In the adaptation, there's a secondary plot about a missing banker, which is why Sharpe is sent out into the hills in the first place. It doesn't happen in the book (the Methodists show up, but they really *are* Methodists), because it isn't necessary. Sharpe is already in the hills, a quartermaster in a British unit that is running for it's life from the French. When all the other officers are killed in an attack, he finds himself in command of a unit on the verge of mutiny, and lost besides. He really has no choice but to join with Vivar when the opportunity arises. The reason for the change, I think, stems from the desire to show Sharpe being raised from the ranks onscreen (in the books it happened in India), which puts him in Wellesley's army at the start of the show, so they needed an excuse to send him out into the hills.
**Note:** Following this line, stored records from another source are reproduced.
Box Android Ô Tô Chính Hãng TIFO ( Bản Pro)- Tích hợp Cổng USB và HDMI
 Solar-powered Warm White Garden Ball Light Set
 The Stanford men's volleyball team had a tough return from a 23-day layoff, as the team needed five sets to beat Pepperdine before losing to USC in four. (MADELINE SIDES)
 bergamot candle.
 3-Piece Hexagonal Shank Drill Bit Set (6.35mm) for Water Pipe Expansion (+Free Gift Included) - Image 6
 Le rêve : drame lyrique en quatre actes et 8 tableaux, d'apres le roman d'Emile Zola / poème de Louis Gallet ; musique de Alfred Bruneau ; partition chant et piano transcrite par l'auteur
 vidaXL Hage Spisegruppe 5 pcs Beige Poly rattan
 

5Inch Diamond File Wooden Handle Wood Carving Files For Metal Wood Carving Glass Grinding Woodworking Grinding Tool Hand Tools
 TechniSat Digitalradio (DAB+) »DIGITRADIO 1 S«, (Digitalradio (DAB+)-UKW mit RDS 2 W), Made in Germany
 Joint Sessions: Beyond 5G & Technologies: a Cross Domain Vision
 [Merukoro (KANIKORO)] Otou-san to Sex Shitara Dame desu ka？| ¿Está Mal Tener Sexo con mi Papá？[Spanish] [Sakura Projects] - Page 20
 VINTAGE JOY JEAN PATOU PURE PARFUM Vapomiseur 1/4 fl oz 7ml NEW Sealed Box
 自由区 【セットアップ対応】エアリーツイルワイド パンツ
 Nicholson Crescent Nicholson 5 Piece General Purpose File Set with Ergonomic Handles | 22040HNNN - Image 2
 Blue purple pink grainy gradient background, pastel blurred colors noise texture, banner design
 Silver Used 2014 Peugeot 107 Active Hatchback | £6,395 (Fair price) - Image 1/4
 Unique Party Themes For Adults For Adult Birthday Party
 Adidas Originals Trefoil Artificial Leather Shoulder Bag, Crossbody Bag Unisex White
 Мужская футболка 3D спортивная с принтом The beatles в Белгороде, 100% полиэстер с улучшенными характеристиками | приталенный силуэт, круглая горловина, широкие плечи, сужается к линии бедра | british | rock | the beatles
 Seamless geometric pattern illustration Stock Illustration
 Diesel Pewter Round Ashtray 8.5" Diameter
It's a shame they couldn't come up with a better idea, because what they went with just feels tacked on.

The book, being longer, has the time to show the slow turnabout of Harper's and Sharpe's attitudes towards each other. In the adaptation it only takes a scene or two, really not enough time for the development of that kind of mutual respect.

And then there is Theresa. I will never complain about Assumpta Serna showing up onscreen, but the only reason she's there is so Sharpe can get some. (In the book, he never does.) In order to have her there, the character of Vivar changes quite a bit, too. In the book, Vivar is a very much the leader of men, a cavalry officer who is an extraordinary fighter and intuitive tactician. In the adaptation, Theresa does the fighting and instructs Sharpe in the ways of leadership, while Vivar is just sort of along for the ride, and you never really get why the Rifles would rather follow him than Sharpe. In his final duel with the Count, you have to wonder how he managed to win, since he's really shown nothing to that point. In the book there is no doubt that he's the better fighter of the two brothers.

I'll probably throw Sharpe's Eagle in the truck for my lunchtime reading this week, but meanwhile I started a reread of Sweet Silver Blues, the first in Glen Cook's Garrett, P.I., series of fantasy noir novels.